Creditcard Train Set: (227845, 30) (227845,)
Creditcard Test Set: (56962, 30) (56962,)
Fraud Data Train Set: (120036, 10) (120036,)
Fraud Data Test Set: (30009, 10) (30009,)


## Model Selection

In [8]:


from sklearn.model_selection import train_test_split
from sklearn.metrics import classification_report, confusion_matrix
from script.models import create_mlp, create_cnn, create_rnn, create_lstm, train_decision_tree 


# Change to the parent directory
os.chdir(r'C:\Users\King Betse\Desktop\Kifiya-AIM-W8')

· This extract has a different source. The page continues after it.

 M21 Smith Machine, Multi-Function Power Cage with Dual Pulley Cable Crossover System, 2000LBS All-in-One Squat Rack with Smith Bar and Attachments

# Add the 'script' directory to the system path
sys.path.append(os.path.abspath('script'))

# Load the datasets
creditcard_data = pd.read_csv('data/creditcard.csv')
X_creditcard = creditcard_data.drop('Class', axis=1)
y_creditcard = creditcard_data['Class']

# Train-test split for creditcard dataset
X_train, X_test, y_train, y_test = train_test_split(X_creditcard, y_creditcard, test_size=0.2, random_state=42, stratify=y_creditcard)

# MLP
mlp_model = create_mlp((X_train.shape[1],))
mlp_model.fit(X_train, y_train, epochs=10, batch_size=32, verbose=0)
mlp_loss, mlp_accuracy = mlp_model.evaluate(X_test, y_test)
print(f"\nMLP Classifier Accuracy: {mlp_accuracy:.4f}")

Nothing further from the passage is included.